Hebamme gesichert

    • (1) 06.06.18 - 11:54

      So,

      Nachdem mir eine ganz liebe Mama aus dem Elternbeirat in dem wir bzgl unserer großen Kinder gemeinsam aktiv sind, aufgrund eigenem Geburtstrauma dies empfohlen hat. Hab ich seit heute eine Schwangerschaftsbegleitende und Nachsorgehebamme. 1. Termin ist am 11.7. Und ich werd mir über meine Gynäkologin einfach ein Rezept/eine Überweisung ausstellen lassen die eine intensive Betreuung für mich bis zur Geburt parallel zu ihrer Vorsorge gewährleistet.

      Einerseits will ich wirklich nen WKS weil ich panische Angst vor den schmerzen danach habe. Vor der Geburt hab ich gar keine. Und vor allem vor einer etwaigen erneuten Saugglocke. Andererseits weiß ich das natürlich nix besser sein kann fürs Kind als eine natürliche Geburt und egal welche Einschränkungen man im intimbereich danach hat... man kann sich irgendwie von Anfang an um das Baby kümmern. Mir ist bewusst das ein WKS bedeutet das ein Bindung erst verzögert stattfinden wird... ich die ersten Wochen nicht schwer heben darf und mein Sohn mich nicht am selben Tag besuchen dürfte da es für ihn Folter wäre, seine Mama zu sehen aber nicht mit ihr kuscheln zu können.

      Ich hoffe die Hebamme kann mir bis Januar helfen das alte hinter mit zu lassen denn eine natürliche Geburt kommt für mich ausschließlich in frage wenn meine Angst bis dahin wegtherapiert würde. Angst + Geburt = Zwangskatastrophe!

      LG Küken mit Kuba und Baucherbse 6-7+ irgendwas.

      • Toll das du noch eine Hebamme gefunden hast!
        Bei mir ist es bezüglich der Geburt genau anders herum,ich hab zweimal spontan entbunden und bin schwanger mit dem dritten Kind.
        Die Schwangerschaft war leider von Anfang an sehr schwierig und es gab Komplikationen,ich muss in 6 Wochen zum Geburtsplanungsgespräch in's KH und hab richtig Angst das mir evtl.noch ein Kaiserschnitt droht.

        Ich wünsche dir noch eine schöne und entspannte Schwangerschaft,das du mit deiner Hebamme die beste Lösung für dich/euch bezüglich der Geburt findest.

        LG

        Die Bindung entsteht nicht (nur) durch eine natürliche Geburt, sondern das intensive Kümmern in der Zeit danach macht es aus 👍👍.
        Woher hast du den Schmarrn, dass die Bindung nach einer Sectio erschwert ist 🤔🙄?
        Man darf nach einem KS heben und tragen, als Mehrfachmama hat man keine andere Wahl!

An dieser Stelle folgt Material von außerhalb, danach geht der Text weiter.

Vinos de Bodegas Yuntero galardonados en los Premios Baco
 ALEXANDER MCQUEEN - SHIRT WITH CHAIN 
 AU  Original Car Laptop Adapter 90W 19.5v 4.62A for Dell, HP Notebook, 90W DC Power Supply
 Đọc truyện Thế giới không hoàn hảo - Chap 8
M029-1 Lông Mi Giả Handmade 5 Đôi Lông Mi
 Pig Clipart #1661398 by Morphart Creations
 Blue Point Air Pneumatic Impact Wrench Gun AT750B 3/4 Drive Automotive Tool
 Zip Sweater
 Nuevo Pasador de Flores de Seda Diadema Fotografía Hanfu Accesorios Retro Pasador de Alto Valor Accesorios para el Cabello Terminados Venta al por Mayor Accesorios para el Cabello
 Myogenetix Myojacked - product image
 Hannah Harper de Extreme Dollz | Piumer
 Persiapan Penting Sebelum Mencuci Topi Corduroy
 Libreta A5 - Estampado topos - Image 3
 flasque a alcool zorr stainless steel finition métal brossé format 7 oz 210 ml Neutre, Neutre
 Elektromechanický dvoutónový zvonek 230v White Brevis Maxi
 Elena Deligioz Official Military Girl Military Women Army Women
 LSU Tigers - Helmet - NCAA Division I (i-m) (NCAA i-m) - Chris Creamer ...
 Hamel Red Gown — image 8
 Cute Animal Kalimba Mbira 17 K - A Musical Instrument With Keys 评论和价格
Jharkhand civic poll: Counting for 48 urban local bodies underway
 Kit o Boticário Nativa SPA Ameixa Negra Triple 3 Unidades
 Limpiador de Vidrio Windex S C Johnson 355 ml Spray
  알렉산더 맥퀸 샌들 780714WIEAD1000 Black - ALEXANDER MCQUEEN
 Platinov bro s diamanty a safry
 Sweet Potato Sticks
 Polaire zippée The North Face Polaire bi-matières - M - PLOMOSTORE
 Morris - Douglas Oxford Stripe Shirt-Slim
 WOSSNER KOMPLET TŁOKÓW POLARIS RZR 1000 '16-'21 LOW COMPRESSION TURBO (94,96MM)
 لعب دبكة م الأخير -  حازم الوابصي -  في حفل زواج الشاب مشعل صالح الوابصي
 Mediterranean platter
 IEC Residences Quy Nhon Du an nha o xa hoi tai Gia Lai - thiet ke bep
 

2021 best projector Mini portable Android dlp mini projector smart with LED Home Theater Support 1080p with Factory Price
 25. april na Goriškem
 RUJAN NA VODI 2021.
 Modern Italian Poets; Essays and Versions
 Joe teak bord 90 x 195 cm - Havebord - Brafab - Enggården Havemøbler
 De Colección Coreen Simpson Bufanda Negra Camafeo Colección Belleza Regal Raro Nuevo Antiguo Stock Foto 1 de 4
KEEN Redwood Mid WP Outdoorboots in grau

Und auch ein Kleinkind kann einem am Tag danach besuchen.....alles schon durch 😜

        Ich habe auch eine Hebi für Vor- und Nachsorge gefunden 👍. Hatte 20 angeschrieben, davon haben nur 2 geantwortet (eine hat zugesagt, eine ab). Von 18 Damen kam KEIN Ton 🙄.

        • Es geht nicht darum das die Bindung nicht stattfindet. Nur nicht direkt. Das kind wird ja erstmal untersucht... und dann erst bekommt man es. Und man kann es nicht anfassen man hat es solange man im op liegt lediglich auf der Brust liegen und aus der Position sieht man nur eingeschränkt sein Kind für mich gehört zu dem anfangsbonding auch das anfassen. Das Gesicht zu streichen die Hand zu greifen etc. Es ist möglich aber wesentlich eingeschränkter. Beim ks würde ich am selben Tag definitiv mein Sohn nicht im kh haben wollen da ich zu viel bammel hätte das die frische op Narbe nicht so geil drauf is wenn ein Kleinkindknie direkt draufgepoltert wird.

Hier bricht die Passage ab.